The National Labor Relations Board under President Barack Obama knows no bounds to its union advocacy, as it showed with two recent decisions.
A little history: In 1988, the U.S. Supreme Court issued its “Beck” decision, which says a portion of union dues going to political causes can be waived for workers who request it. Since then, Republican administrations have traditionally ordered notices to that effect to go up in workplaces, and Democratic administrations have ordered them taken down.
The Obama NLRB went a step further this month when it voted 3-1 to gut the protections afforded by Beck. The panel said requirements that unions keep independent audits of their finances and prove to members that they're properly spending dues money no longer apply, and that those who object are no longer entitled to that proof.
The NLRB also said unions' lobbying expenses can be charged to so-called Beck objectors, “to the extent that they are germane to collective bargaining, contract administration, or grievance adjustment.” As The Wall Street Journal noted in an editorial, that definition “could cover nearly any lobbying expense.”

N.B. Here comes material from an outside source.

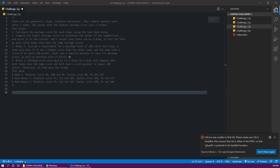Bonus one include requirement of minimum score of 100, which this rule a team only wins if it's a higher score than other team and at the same time the score of at least 100 points. And use logical operators, test for minimum score as well as multiple if else blocks.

In another gift to Big Labor, the NLRB rejected half a century of precedent and voted 3-1 to make businesses that are struck by unions after contracts expire withhold dues and pass that money along to union leaders. This change gives more clout to the unions, which the Journal noted is “the entire point of the NLRB ruling, and it's typical of the way that President Obama's appointees have become union partisans instead of independent arbiters of labor disputes.”
That was evident with the board's effort in 2011 to keep Boeing from opening a plant in right-to-work South Carolina, among other gamey decisions. With Obama's re-election secure, the Journal predicts more shenanigans ahead. Americans can only hope the newspaper is wrong about that, but the December surprises don't bode well.